Stored data entries:
Start of Block

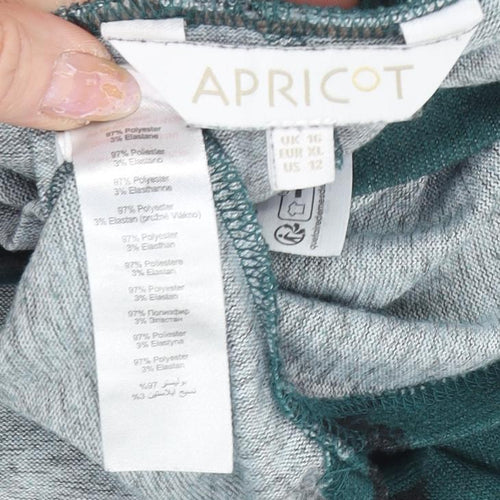 Apricot Women's Green Geometric T-Shirt Size 16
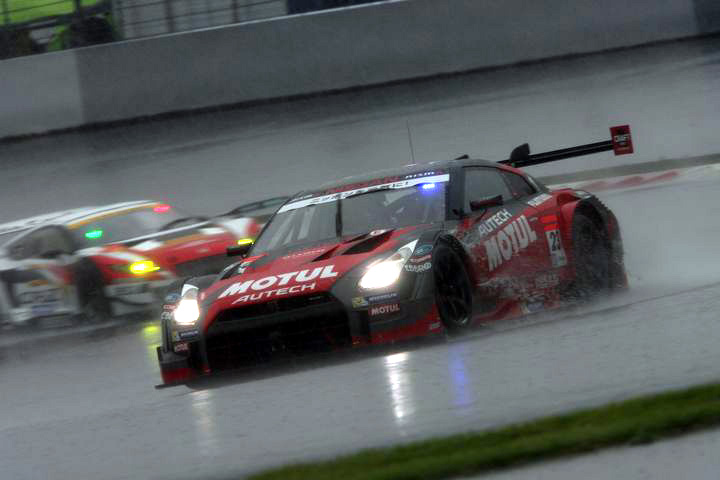 GT500クラス決勝2位は松田次生／ロニー・クインタレッリ組（MOTUL AUTECH GT-R）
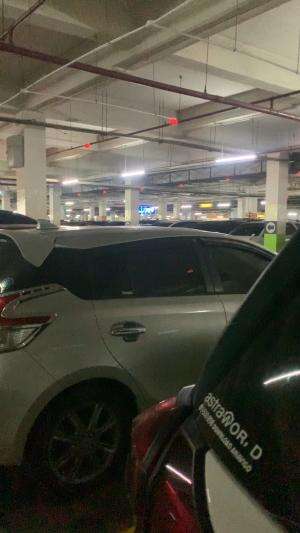 Info bagi yang belum tau, cara parkir di Botani square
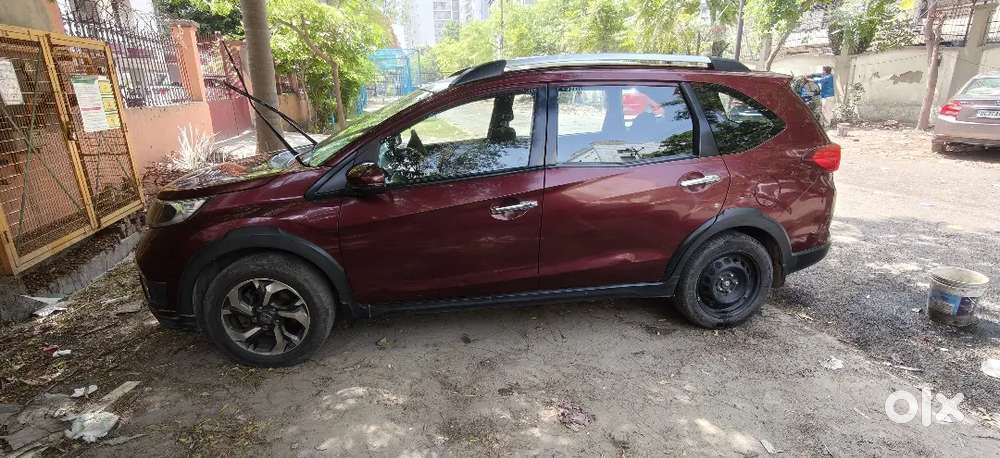Honda Br-v 2017 Petrol Well Maintained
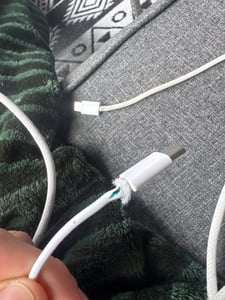Apple Cavo di ricarica USB-C da 240W 2mt Foto del cliente 5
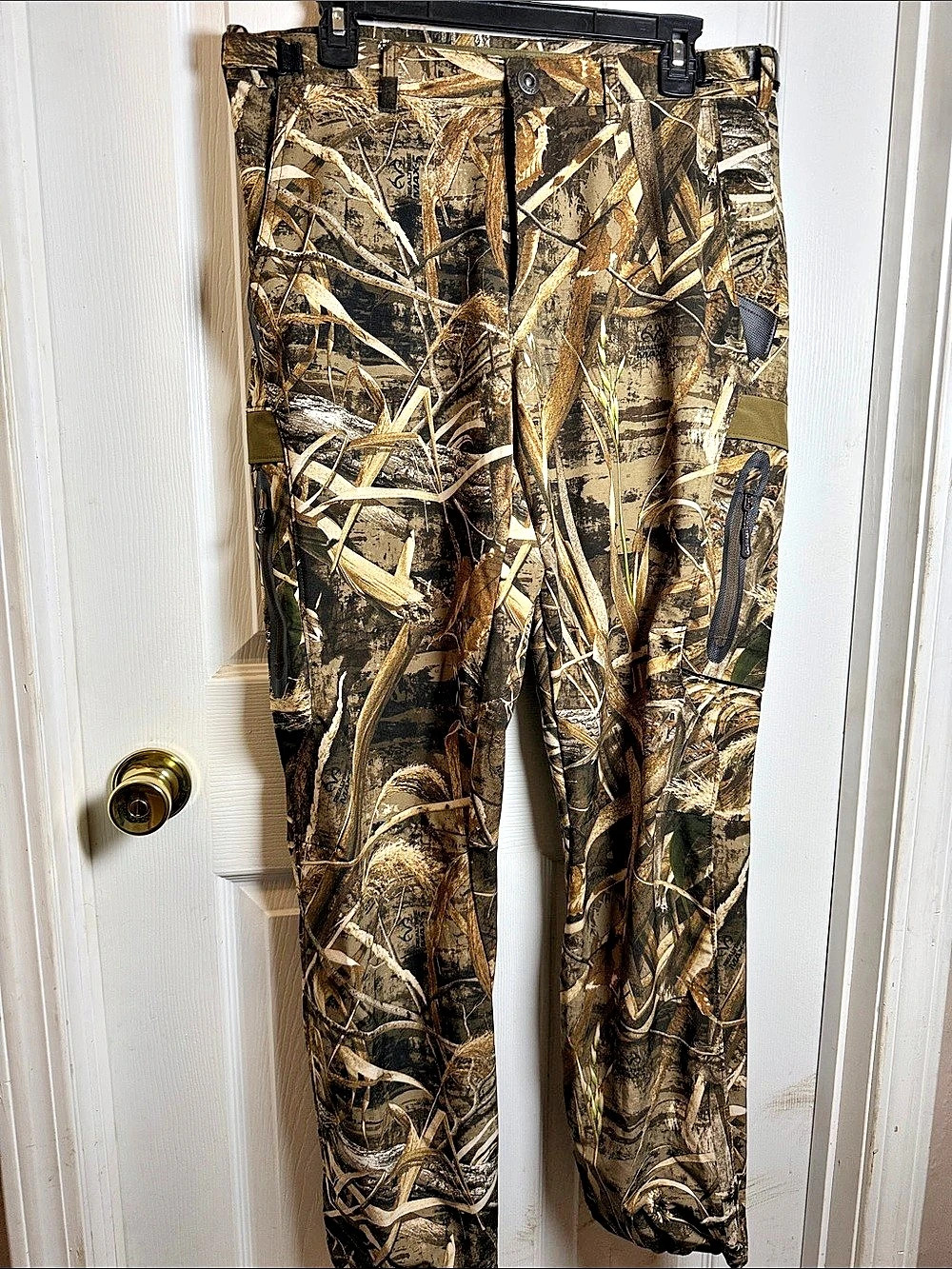 Drake Waterfowl Systems Camo Cargo Pants in Brown & Green Size Medium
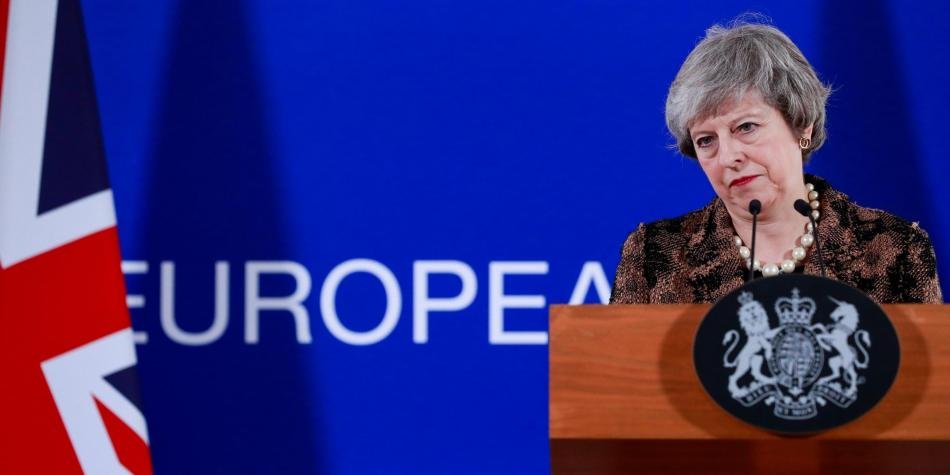 «¿Mujer o gente estúpida?»: acusan a líder de la oposición de insultar a primera ministra británica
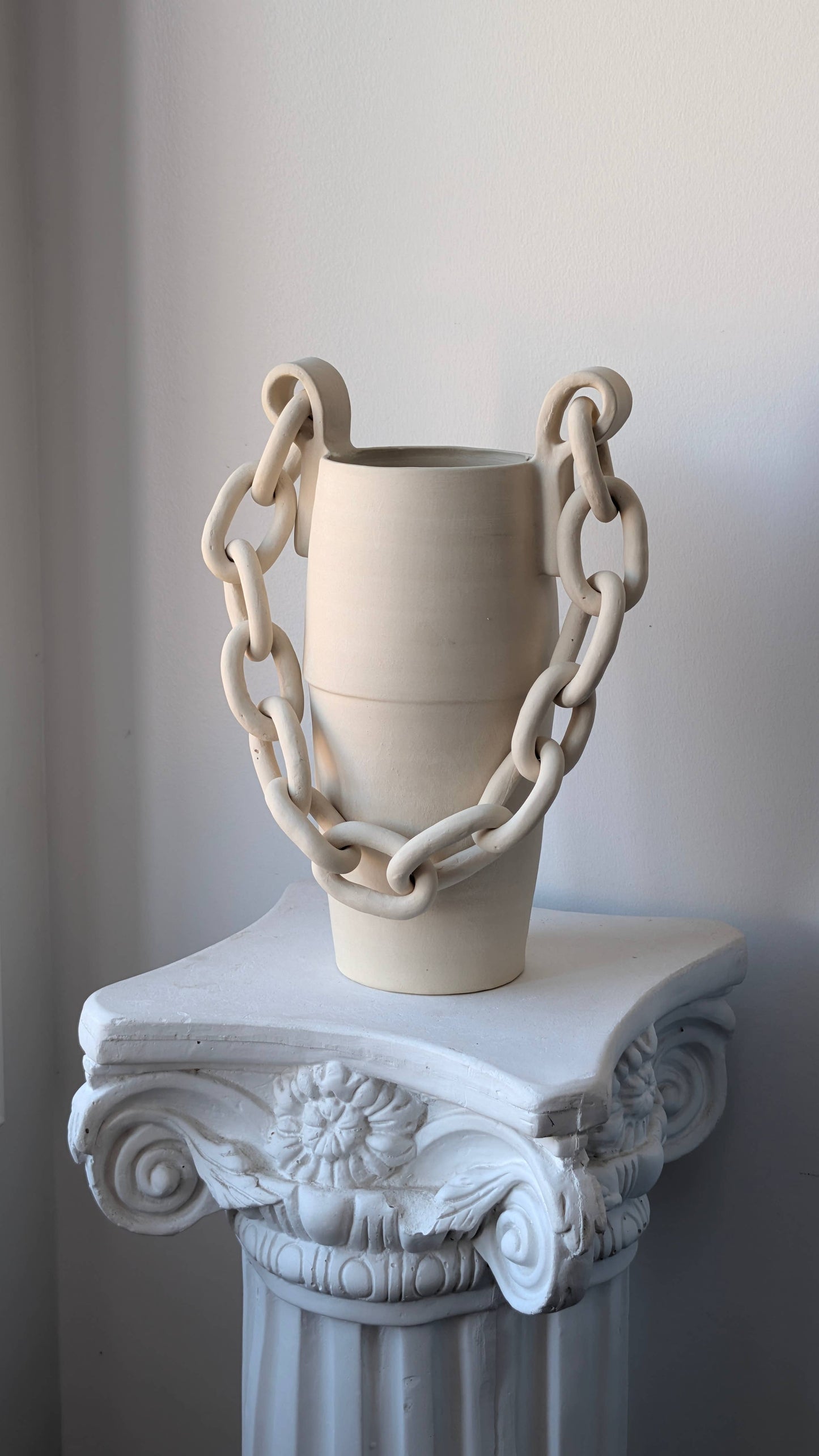 Handmade ceramic chain vase | White contemporary vase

End of Block

Assignment:
Exclude the pictures and write out exactly the lines from the one holding "primera ministra británica" through the end of the entries, inclusive, and only those.

Result:
 «¿Mujer o gente estúpida?»: acusan a líder de la oposición de insultar a primera ministra británica
 Handmade ceramic chain vase | White contemporary vase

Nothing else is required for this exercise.